What you have to do: Reproduce every record below word for word and include no pictures.

Input material:
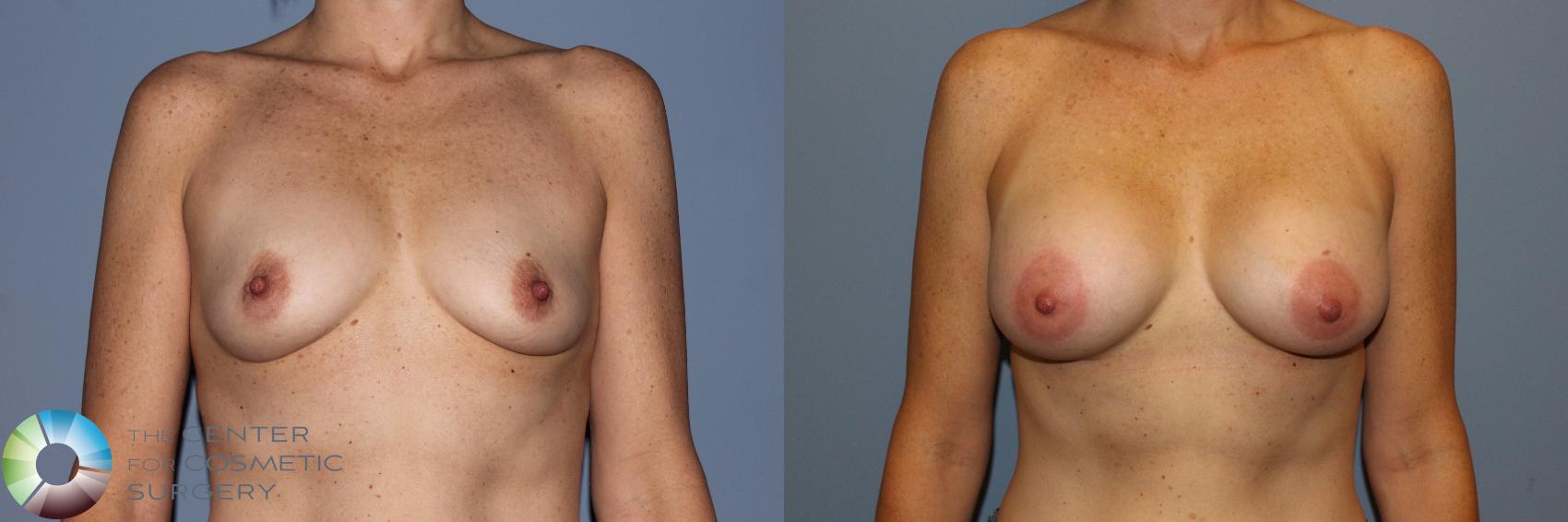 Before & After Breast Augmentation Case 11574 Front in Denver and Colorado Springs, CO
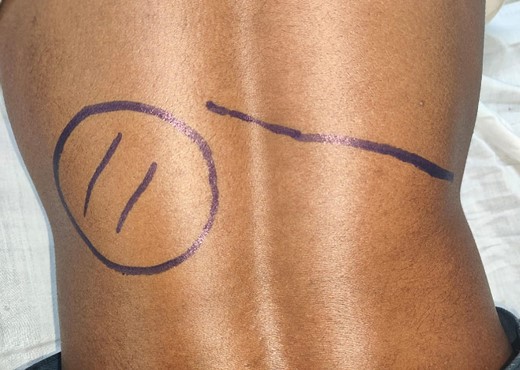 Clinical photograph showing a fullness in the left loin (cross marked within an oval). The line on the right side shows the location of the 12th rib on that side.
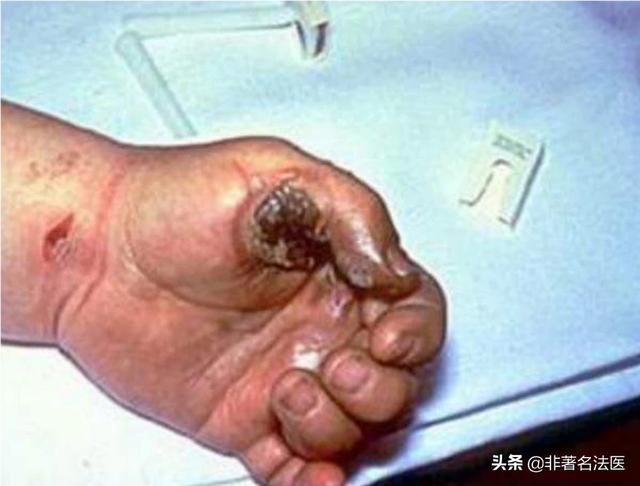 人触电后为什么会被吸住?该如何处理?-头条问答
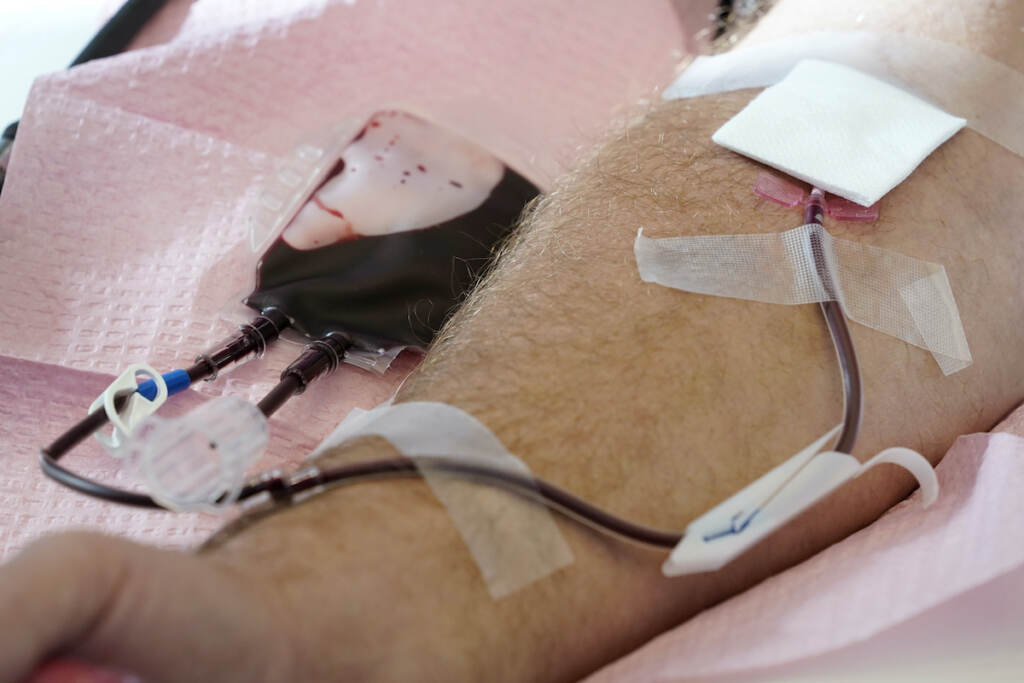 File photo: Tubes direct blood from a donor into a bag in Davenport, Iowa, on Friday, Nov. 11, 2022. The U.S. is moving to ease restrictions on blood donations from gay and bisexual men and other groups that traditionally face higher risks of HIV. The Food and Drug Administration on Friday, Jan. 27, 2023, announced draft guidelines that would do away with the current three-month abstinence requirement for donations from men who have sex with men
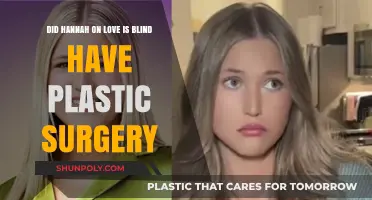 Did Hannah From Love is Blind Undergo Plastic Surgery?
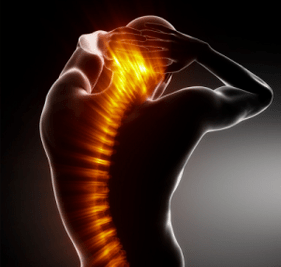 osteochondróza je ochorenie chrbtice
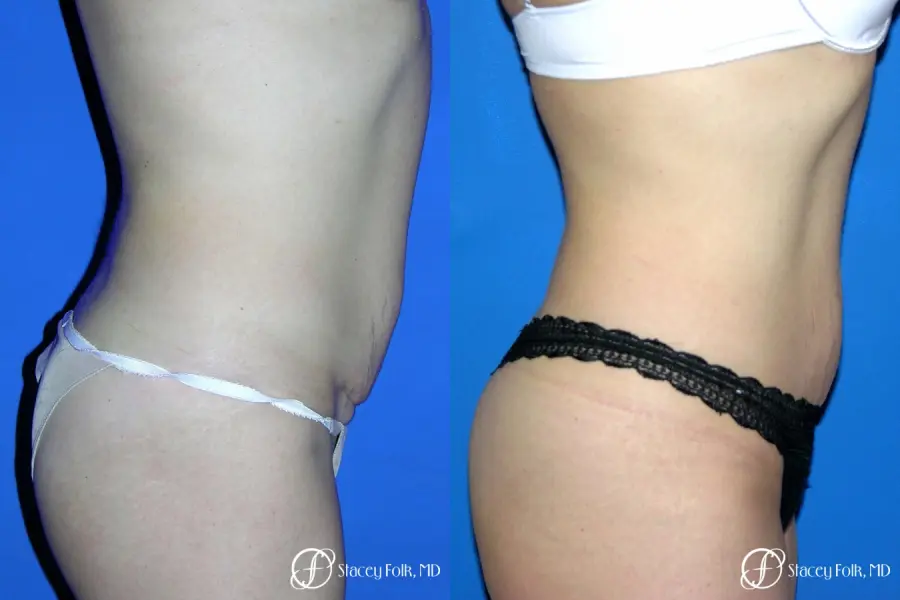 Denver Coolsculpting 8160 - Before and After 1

Your response:
 Before & After Breast Augmentation Case 11574 Front in Denver and Colorado Springs, CO
 Clinical photograph showing a fullness in the left loin (cross marked within an oval). The line on the right side shows the location of the 12th rib on that side.
 人触电后为什么会被吸住?该如何处理?-头条问答
 File photo: Tubes direct blood from a donor into a bag in Davenport, Iowa, on Friday, Nov. 11, 2022. The U.S. is moving to ease restrictions on blood donations from gay and bisexual men and other groups that traditionally face higher risks of HIV. The Food and Drug Administration on Friday, Jan. 27, 2023, announced draft guidelines that would do away with the current three-month abstinence requirement for donations from men who have sex with men
 Did Hannah From Love is Blind Undergo Plastic Surgery?
 osteochondróza je ochorenie chrbtice
 Denver Coolsculpting 8160 - Before and After 1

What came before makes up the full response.